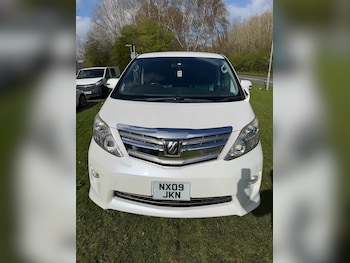 Used Toyota Alphard 2009 for sale - 78433866: Photo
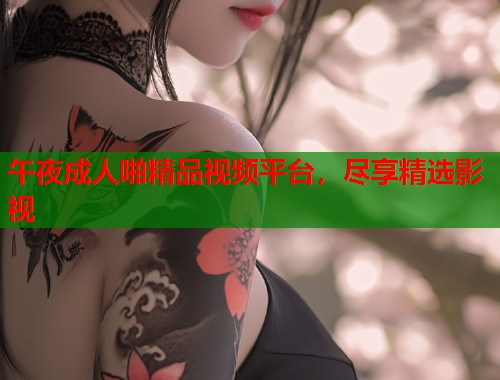 午夜成人啪精品视频平台，尽享精选影视  第1张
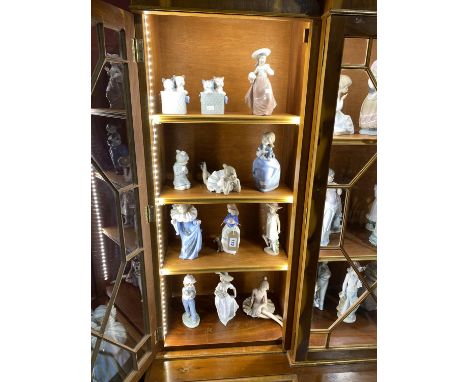 Twelve Nao figures
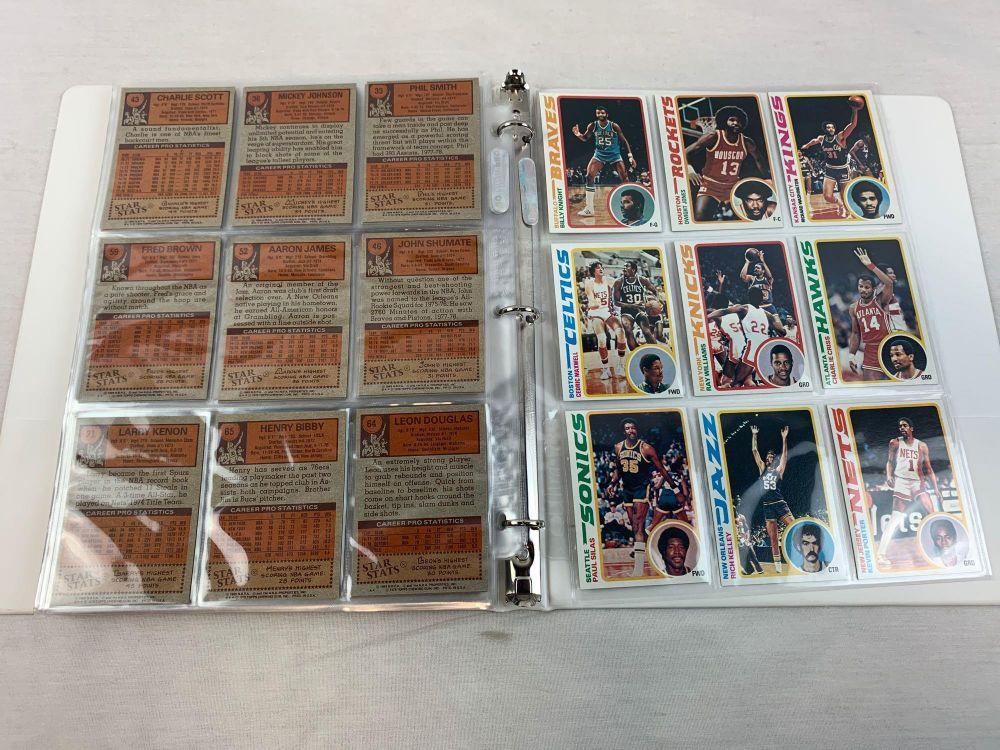 1978-'79 Topps Basketball Near Set 86/132  w/27 Extras (Nice Clean Cards !)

════

— About this task —
Only the pictures are to be left out; restate everything else in the listing word for word.

— Solved problem —
 Used Toyota Alphard 2009 for sale - 78433866: Photo
 午夜成人啪精品视频平台，尽享精选影视  第1张
 Twelve Nao figures
 1978-'79 Topps Basketball Near Set 86/132  w/27 Extras (Nice Clean Cards !)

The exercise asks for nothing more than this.